これは、日記という名を借りた私の記憶。
某月某日
集会所の前にロマコメ号を横付けする。西日がまだ少し眩しい時間帯。本を眺めながら立ち話をしていた中高年の女性ふたりに、「座ってお茶でもどうですか」と丸椅子をすすめた。パイプの脚がアスファルトを擦る乾いた音が合図になったのか、あれよあれよという間に人が増え、いつの間にか6、7人のおかあさんたちによる、即席の井戸端会議が始まっていた。
飛び交う言葉のボールは、速くて、鋭い。話題の中心は、「あのこと」の直後のこと。避難所で配られたおにぎりの具が何だったとか、支援物資の服のセンスがどうだったとか。眉をひそめて語られるような苦労話もあるが、彼女たちはまるで漫才のネタのように笑い飛ばしていく。次から次に。私の出る幕なんてない。ただ、魔法瓶からお湯を注ぎ足す係に徹するだけだ。
「この前、一時帰宅が許されてね。冬物の布団を取ってきたのよ」
一人がそう言った瞬間、回転していたボールがふと止まった気がした。
「取りに行くものが残っていて、あなたはいいわね」
隣にいた別の女性が、紙コップの両手で包んだまま、さらりと言った。嫉妬とも、羨望ともつかない、むき出しの事実。言われたほうの女性が、はっとして「ごめん、あなたのいたあたりは、まだ……」と言葉を詰まらせる。
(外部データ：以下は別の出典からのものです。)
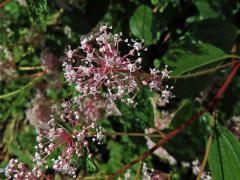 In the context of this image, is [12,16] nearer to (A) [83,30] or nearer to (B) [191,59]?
(A) [83,30]

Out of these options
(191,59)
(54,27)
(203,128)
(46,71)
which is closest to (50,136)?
(191,59)

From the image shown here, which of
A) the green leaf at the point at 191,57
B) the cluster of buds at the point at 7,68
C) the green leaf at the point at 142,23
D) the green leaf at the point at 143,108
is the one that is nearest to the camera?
the green leaf at the point at 143,108

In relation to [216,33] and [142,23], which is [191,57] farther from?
[216,33]

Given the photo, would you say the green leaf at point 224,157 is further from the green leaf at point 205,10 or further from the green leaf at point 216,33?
the green leaf at point 205,10

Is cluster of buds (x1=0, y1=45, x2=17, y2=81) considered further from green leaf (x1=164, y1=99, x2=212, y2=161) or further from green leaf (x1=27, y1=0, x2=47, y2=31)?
green leaf (x1=27, y1=0, x2=47, y2=31)

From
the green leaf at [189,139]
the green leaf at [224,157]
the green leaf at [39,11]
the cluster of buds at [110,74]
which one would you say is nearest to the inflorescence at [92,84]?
the cluster of buds at [110,74]

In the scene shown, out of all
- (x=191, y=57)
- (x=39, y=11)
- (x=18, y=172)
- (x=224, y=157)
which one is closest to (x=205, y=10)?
(x=191, y=57) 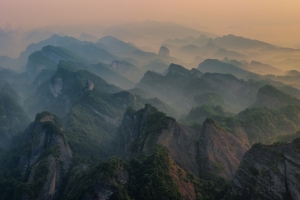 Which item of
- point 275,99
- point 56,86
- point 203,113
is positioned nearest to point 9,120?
point 56,86

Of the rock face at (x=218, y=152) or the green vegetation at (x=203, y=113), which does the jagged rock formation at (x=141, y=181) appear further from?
the green vegetation at (x=203, y=113)

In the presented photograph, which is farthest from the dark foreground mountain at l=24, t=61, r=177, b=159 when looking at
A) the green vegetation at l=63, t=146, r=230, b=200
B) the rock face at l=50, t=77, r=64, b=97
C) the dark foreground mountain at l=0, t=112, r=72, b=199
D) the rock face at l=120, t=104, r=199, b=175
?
the green vegetation at l=63, t=146, r=230, b=200

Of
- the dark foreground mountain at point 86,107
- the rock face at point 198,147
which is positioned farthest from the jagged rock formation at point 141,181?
the dark foreground mountain at point 86,107

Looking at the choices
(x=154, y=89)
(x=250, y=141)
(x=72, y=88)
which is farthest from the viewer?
(x=154, y=89)

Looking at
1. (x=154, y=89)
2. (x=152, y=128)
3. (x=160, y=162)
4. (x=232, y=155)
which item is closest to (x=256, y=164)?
(x=160, y=162)

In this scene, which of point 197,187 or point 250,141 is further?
point 250,141

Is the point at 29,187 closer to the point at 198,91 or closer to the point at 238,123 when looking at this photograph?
the point at 238,123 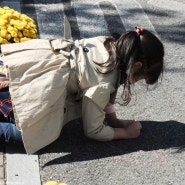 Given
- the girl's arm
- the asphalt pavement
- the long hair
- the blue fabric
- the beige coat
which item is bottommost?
the asphalt pavement

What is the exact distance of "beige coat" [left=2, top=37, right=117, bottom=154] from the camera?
9.29ft

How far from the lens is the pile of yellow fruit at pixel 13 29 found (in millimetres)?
3400

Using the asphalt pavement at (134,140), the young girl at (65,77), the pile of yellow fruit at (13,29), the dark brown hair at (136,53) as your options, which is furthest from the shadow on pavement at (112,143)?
the pile of yellow fruit at (13,29)

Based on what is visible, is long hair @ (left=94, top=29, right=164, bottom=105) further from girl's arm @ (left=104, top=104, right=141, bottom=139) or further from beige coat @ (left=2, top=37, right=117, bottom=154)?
girl's arm @ (left=104, top=104, right=141, bottom=139)

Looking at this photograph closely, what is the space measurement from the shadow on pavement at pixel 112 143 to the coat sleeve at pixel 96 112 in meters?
0.07

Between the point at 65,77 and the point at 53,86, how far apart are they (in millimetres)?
90

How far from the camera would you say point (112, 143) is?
3.10 meters

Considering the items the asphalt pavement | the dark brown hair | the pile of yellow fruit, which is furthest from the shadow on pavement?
the pile of yellow fruit

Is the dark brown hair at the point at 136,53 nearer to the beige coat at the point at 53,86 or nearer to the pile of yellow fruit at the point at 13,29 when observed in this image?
the beige coat at the point at 53,86

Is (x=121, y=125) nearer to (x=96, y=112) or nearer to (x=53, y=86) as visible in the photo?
(x=96, y=112)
私の背筋が凍る。どうしよう。何か言わなきゃ。マニュアルにはない事態。
けれど、謝られた女性は、顔色ひとつ変えずに手をひらひらと振った。
「いいのよ、大丈夫。私は、新品でふかふかの布団をもらったから。物資……支援物資」
一瞬の静寂の後、どっと大きな笑い声が上がった。
「ほんとほんと」
「ああ、あれね。あそこのメーカーのはいいのよね」
会話のボールが再び弾み始める。
田辺聖子さんのエッセイを思い出した。大阪の女性たちの、あけすけで、たくましくて、ちょっとやそっとじゃへこたれないお喋りの風景。悲しみを悲しみのままにしておかない、生活者の知恵とでも言うべき強さ。
本当の胸の内なんて、私にはわからない。新品の布団で寝る夜に、彼女が何を思っているのかも。でも、今、この場所はしんみりとなんてしていない。ただ、賑やかで、熱気があって、圧倒的に「生きて」いる。
笑いすぎて涙が出たわ、と言って目尻を拭うおかあさんの指先を見て、私は何も言わず、ただ熱いほうじ茶をもう一杯、その紙コップに注いだ。
これは、日記という名を借りた私の記憶。